監督には新東宝から移籍してきた芹沢有吾が抜擢された。脚本に池田一朗、アニメーションを森康二を筆頭に古沢日出男、月岡貞夫、熊川正雄、大塚康生らが担い、劇中音楽を伊福部昭が担当した。
監督の芹沢は本作について
「少年スサノオの姿を借りて、母性に対する人間精神の成長を描くのが狙い。古事記や日本書紀にうたわれているような、単なる英雄崇拝でなく、新しいオトギの世界を作りたいと思っている。近代的な動画のヌーベル・バーグが私の抱負だ」〈『日本アニメーション映画史』有文社1977年 109頁より〉
と語っている。芹沢監督の狙いのとおり、本作は母イザナミをなくしたわんぱく少年のスサノオが、父イザナギの下をはなれ、兄のツクヨミや姉のアマテラスに助けられながら仲間たちとともに旅を続け、クシナダヒメとの出会いなどを通じて、成長していく冒険譚として完成した。
製作体制*
製作体制において画期的だったのは、作画監督という職分が誕生したアニメーションだったということである。作画監督には森康二がその任にあたり、8人の原画家の原画をチェックし、画面全体の統一感を出すことに成功した。作品全体の総作画枚数は原画、動画を合わせて25万枚に及んだ。

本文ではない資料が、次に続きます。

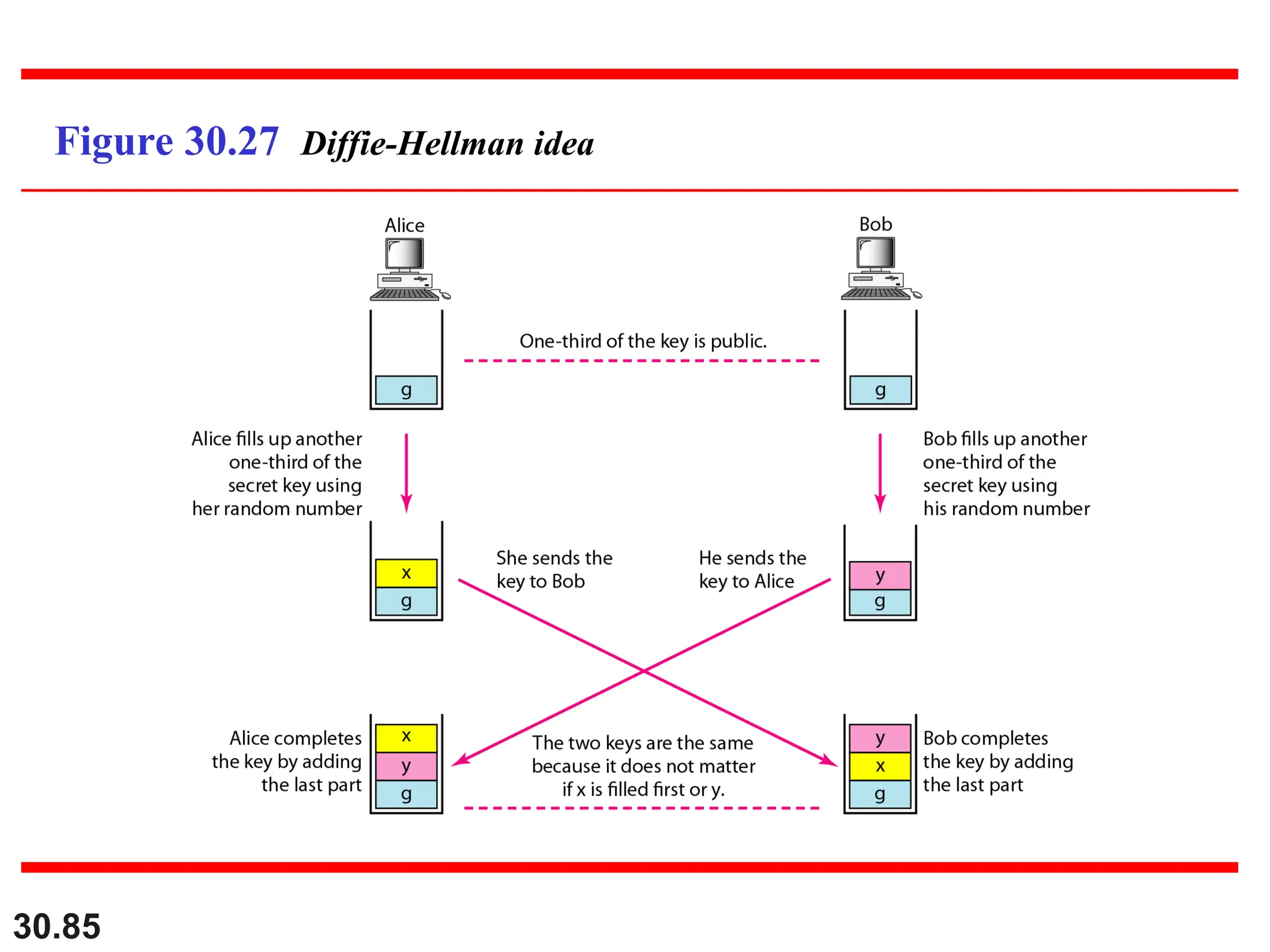30.85
Figure 30.27 Diffie-Hellman idea
 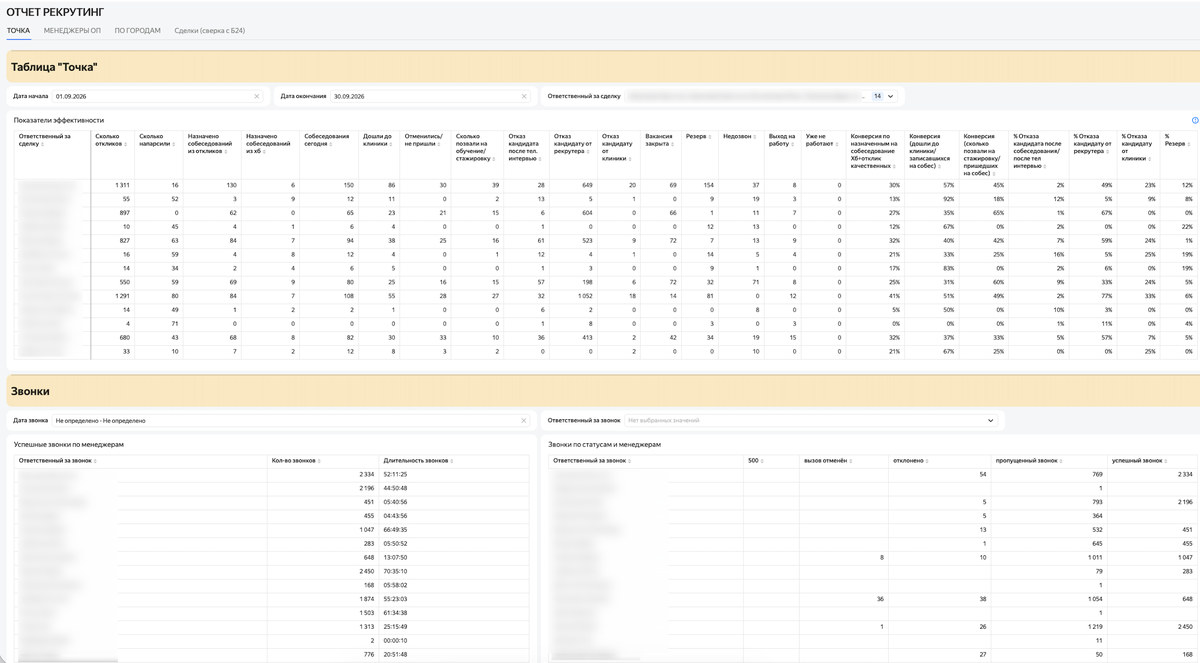 Дашборд рекрутинга в Yandex DataLens — вкладка «Точка»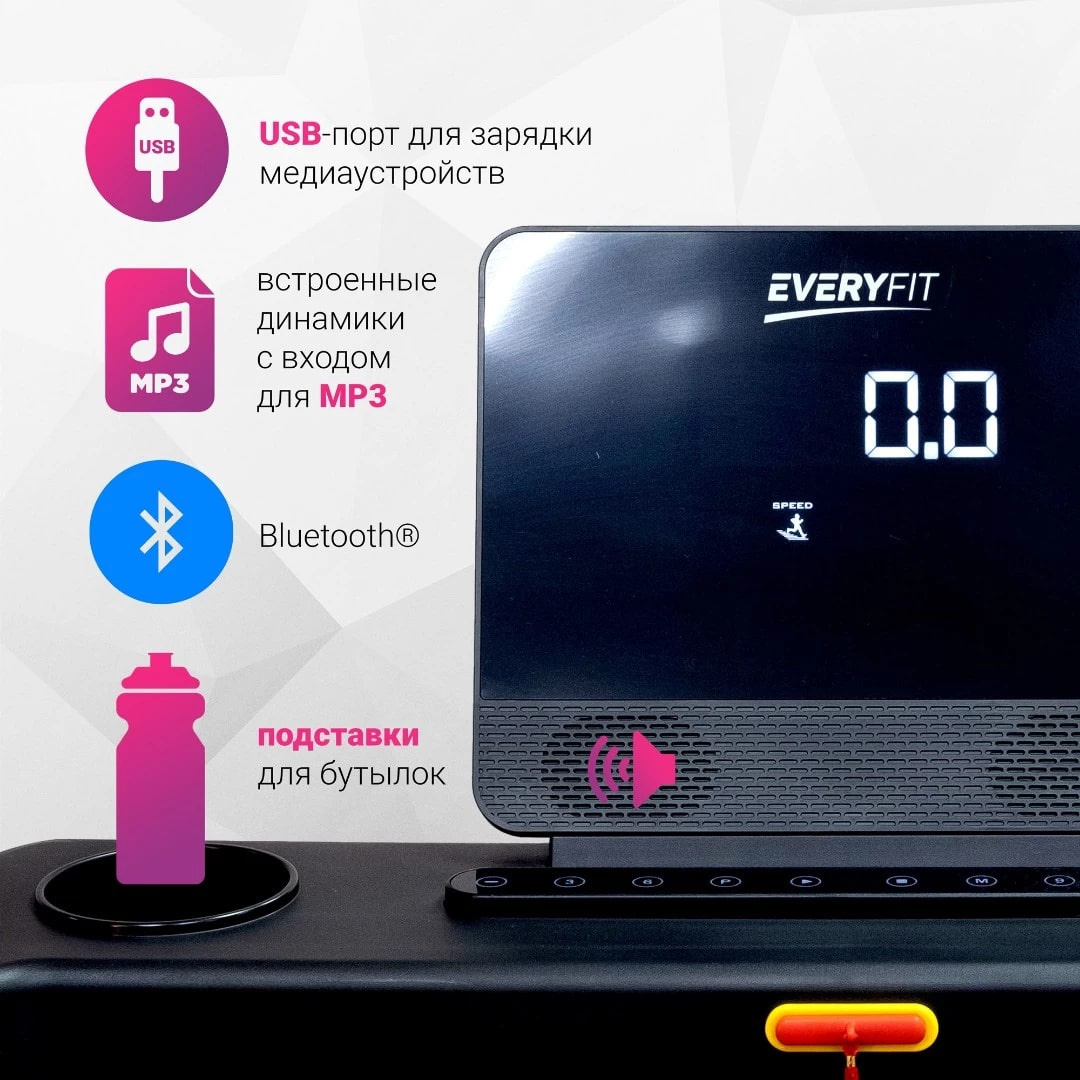 Everyfit 74209 экспресс-доставка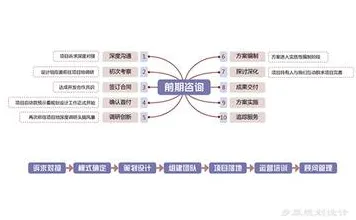 智慧乡村旅游，大量智能推荐系统知识点帮你看清真相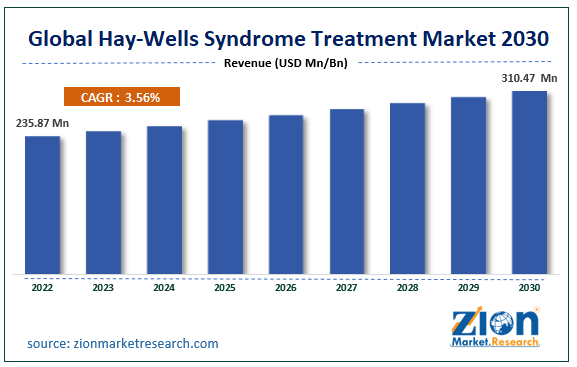 Global Hay-Well Syndrome Treatment Market Size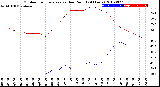 Milwaukee Weather Outdoor Temperature<br>vs Dew Point<br>(24 Hours)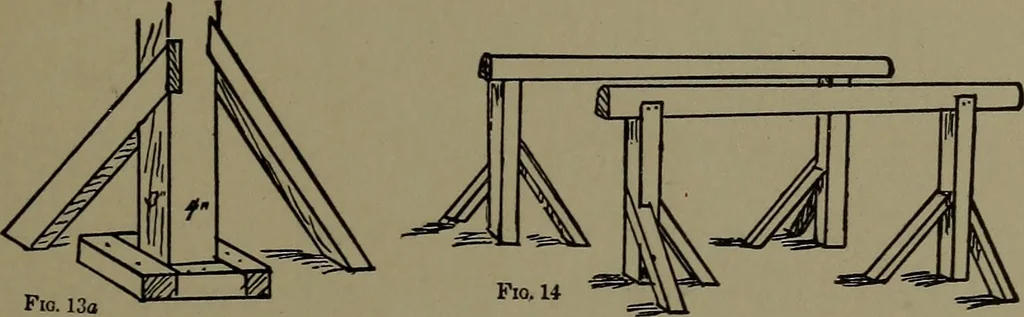 An illustration from The amateur carpenter, 1915, leaf 176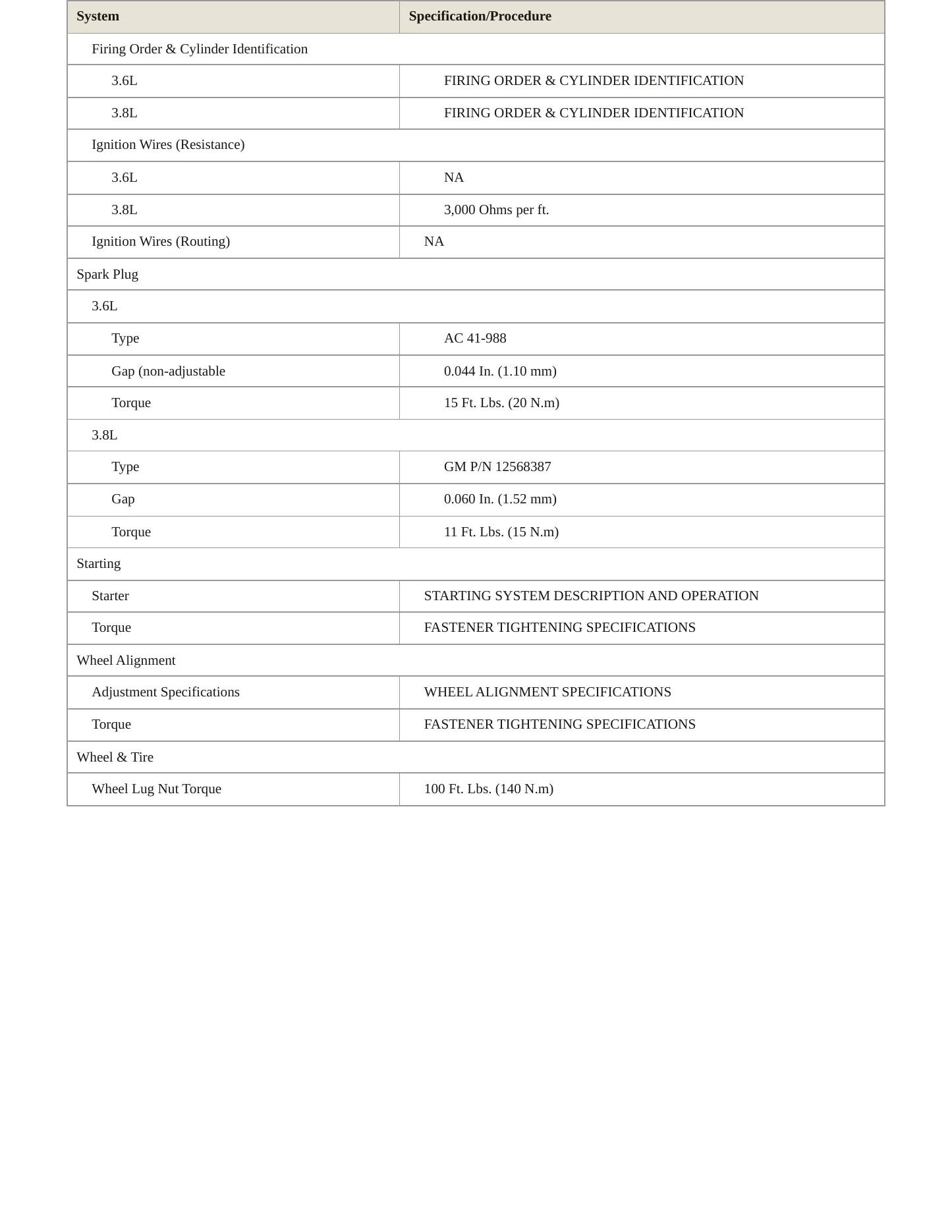 2007 Buick LaCrosse Service and Repair Manual preview page 4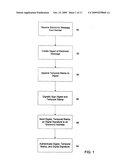 Systems and methods for authenticating an electronic message diagram and image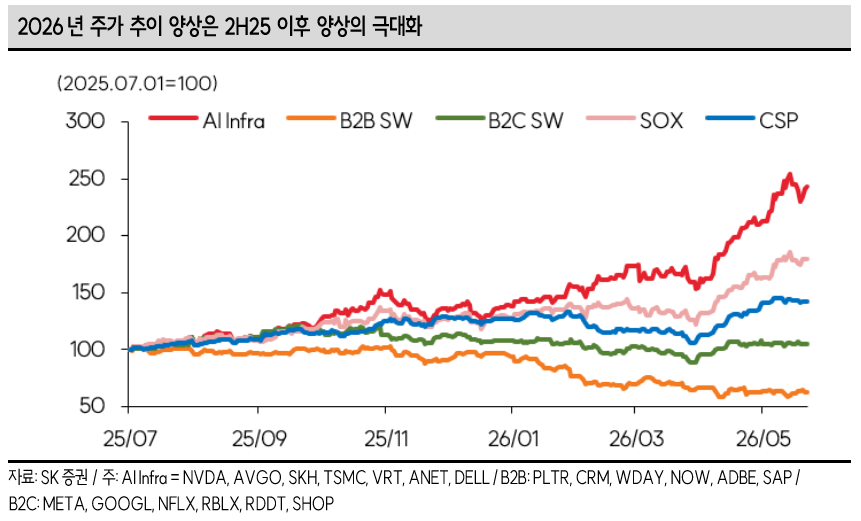 &nbsp; SK증권 리서치 - 2026년 이후 주요 AI 사업군별 주가 추이 (AI Infra vs B2B SW vs B2C)&nbsp;&nbsp;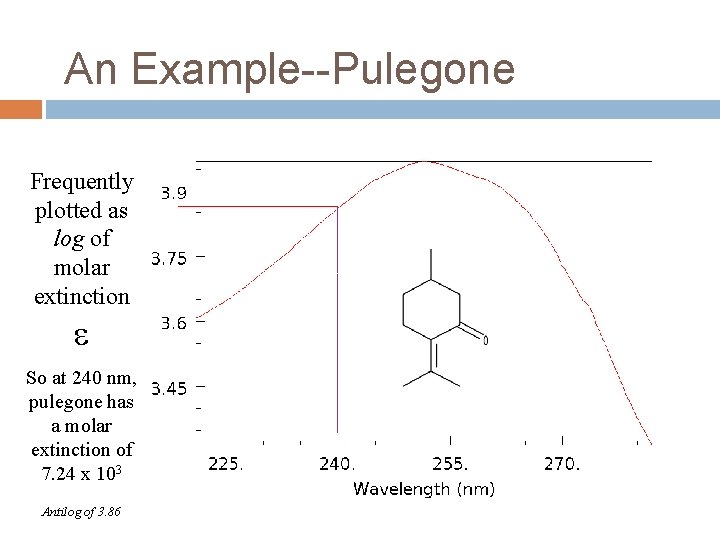 An Example--Pulegone Frequently plotted as log of molar extinction So at 240 nm, pulegone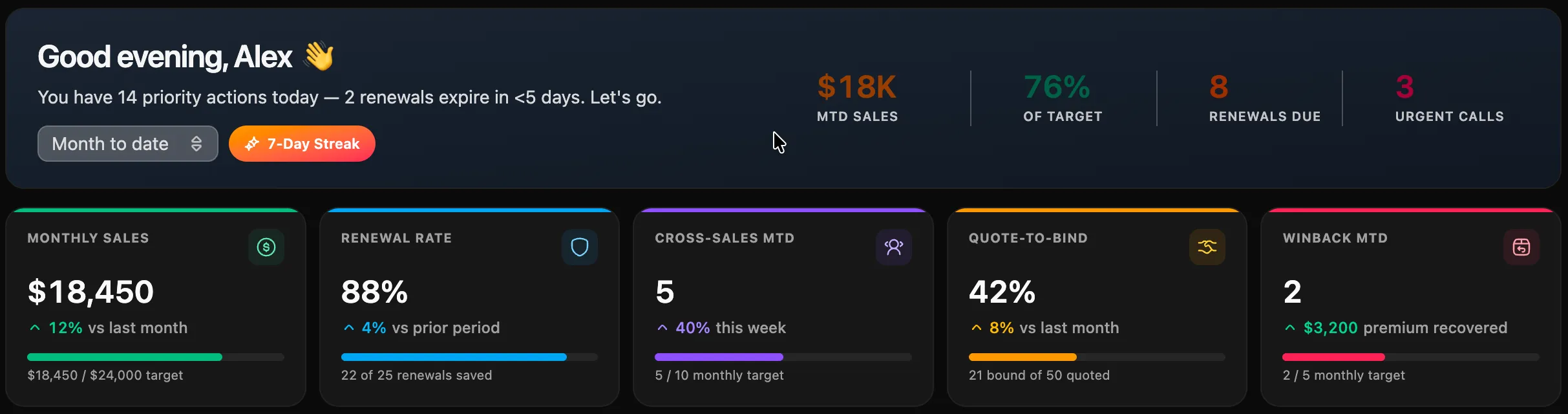 Agency Compass Sales Dashboard — MTD sales, renewal rate, cross-sales, quote-to-bind, and winback KPIs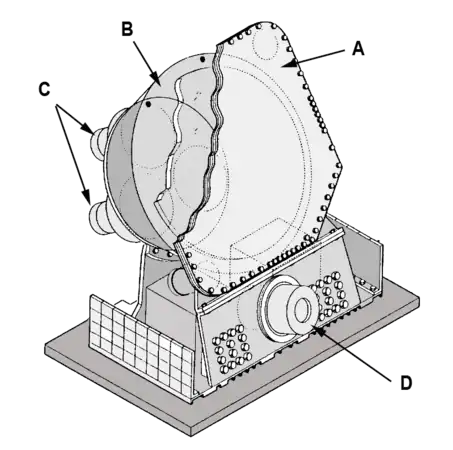 Schéma de l'instrument BATSE : A Détecteur de particules ionisées, B Grand scintillateur, C Tubes photomultiplicateurs, D Petit scintillateur.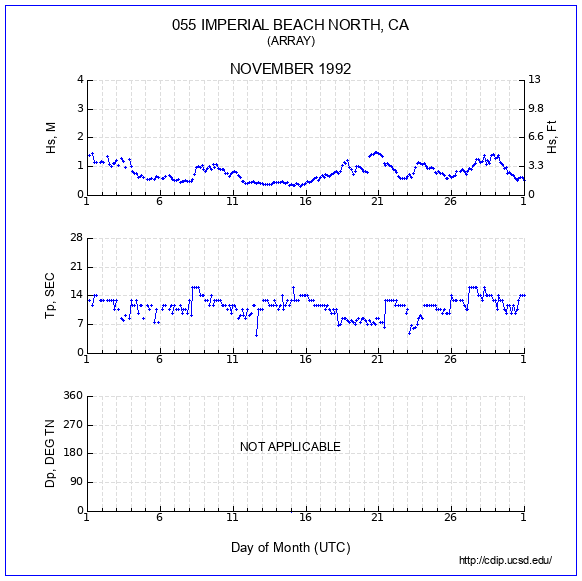 Compendium Plot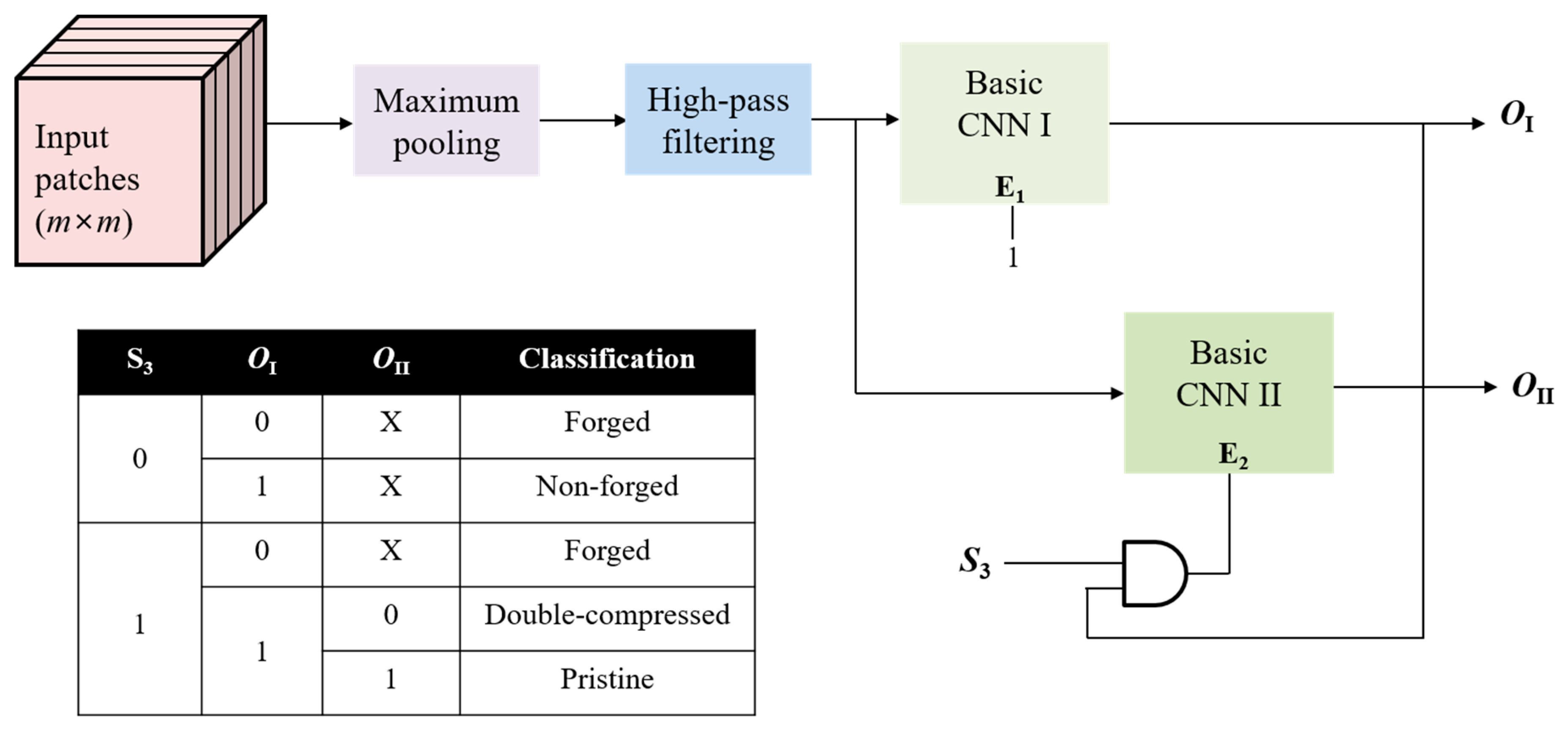 Symmetry 14 00364 g009 550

特に、アメノウズメの舞による天岩戸開きのシーンとクライマックスのスサノオと八俣大蛇の対決のシーンは、超絶技巧の作画と伊福部昭の音楽が見事にシンクロし、日本アニメ史に残る名シーンとして知られる。
劇中音楽*
本作は伊福部昭が音楽を担当した唯一のアニメ映画であるが、伊福部は映画音楽の作曲で最もやりがいを感じた仕事として本作の名を挙げている。後年、本作品の劇中曲は『交響組曲わんぱく王子の大蛇退治』として伊福部本人の手によって編曲された。